U.S. Foodservice was the source of the accounting scandal in 2003 that nearly brought down Ahold and left it awash in debt. The $7.1 billion sale price strongly exceeded the estimates of some analysts, who had previously said Ahold could probably expect to get a little more than $5 billion.
“They definitely fetched a good price,” Mitch Corwin, an analyst at Morningstar, Chicago, told SN, adding that the price valued USF at a 30% premium to food-service peers Sysco and Performance Food Group.
“There were many who wanted us to sell U.S. Foodservice in 2003,” Moberg said in a speech at the annual meeting. “I said then it would be a mistake at that time and would destroy shareholder value. Instead we focused on rebuilding the U.S. Foodservice business and culture.”
Ratings agencies Standard & Poor's and Fitch Ratings each last week raised their debt ratings of Ahold, with S&P taking its ratings back to investment grade for the first time since the scandal of 2003. Ahold's stock price also soared to levels not seen in the four-plus years since the USF scandal.
Accompanying Ahold in the stock jump was Belgian retailer Delhaize, which in recent months had been discussed as a potential partner of Ahold, should Ahold decide to sell supermarket assets in the U.S. or in Europe. Observers last week said the sale of USF would not necessarily influence the likelihood of a merger, and attributed the activity to the news that Moberg will resign in July.

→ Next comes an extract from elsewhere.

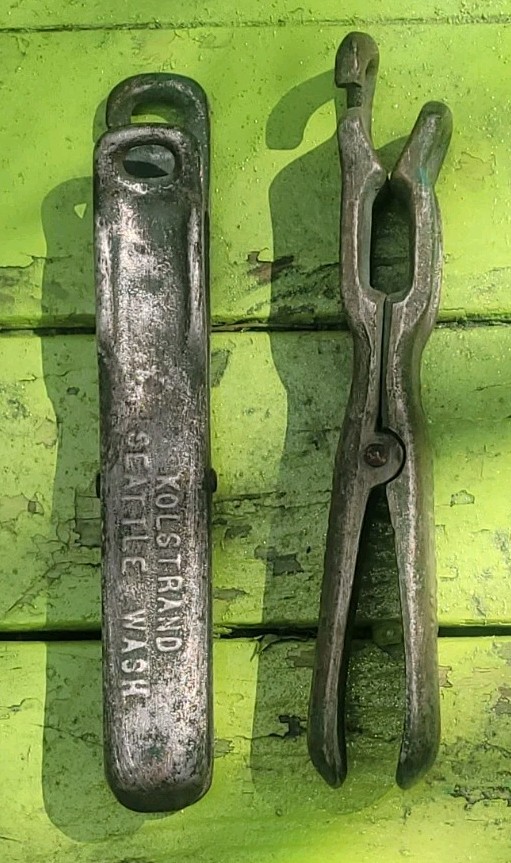 Kolstrand Trolling Line Clamps (Two)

While the USF sale and subsequent stock buyback ought to be welcome events for Ahold shareholders, observers said they don't expect dissident investors to stop calling for Ahold to sell U.S. chains Giant, Stop & Shop and Giant-Carlisle.
“The buyback is certainly a significant step in providing a lot of cash back into the business, but the fundamental issues they face are still there,” Neil Stern, senior partner at McMillan Doolittle, Chicago, told SN. “The international network they run is still large and unwieldy and still has performance issues at some divisions.”
Stern said he believes Ahold waited for the right moment to sell USF. Ahold acquired the company, then doing around $7 billion in sales, for $3.6 billion in 2000. USF reported $19.6 billion in revenues for fiscal 2006. A merger with Delhaize is a possibility, he added, but “very difficult to put together” due to regulatory issues.
“U.S. Foodservice has done an admirable job turning itself around after the problems they had. The business was pretty healthy, and the fundamentals of the food-service business still look pretty good, with lots of room to grow due to its fragmented market,” Stern said.
USF became the center of controversy after it was revealed that executives were inflating promotional rebates from suppliers in order to meet earnings targets. Ahold was forced to restate $800 million in earnings as a result. Ahold rebuilt the business behind Larry Benjamin, who was named chief operating officer of Ahold's U.S. supermarkets last fall.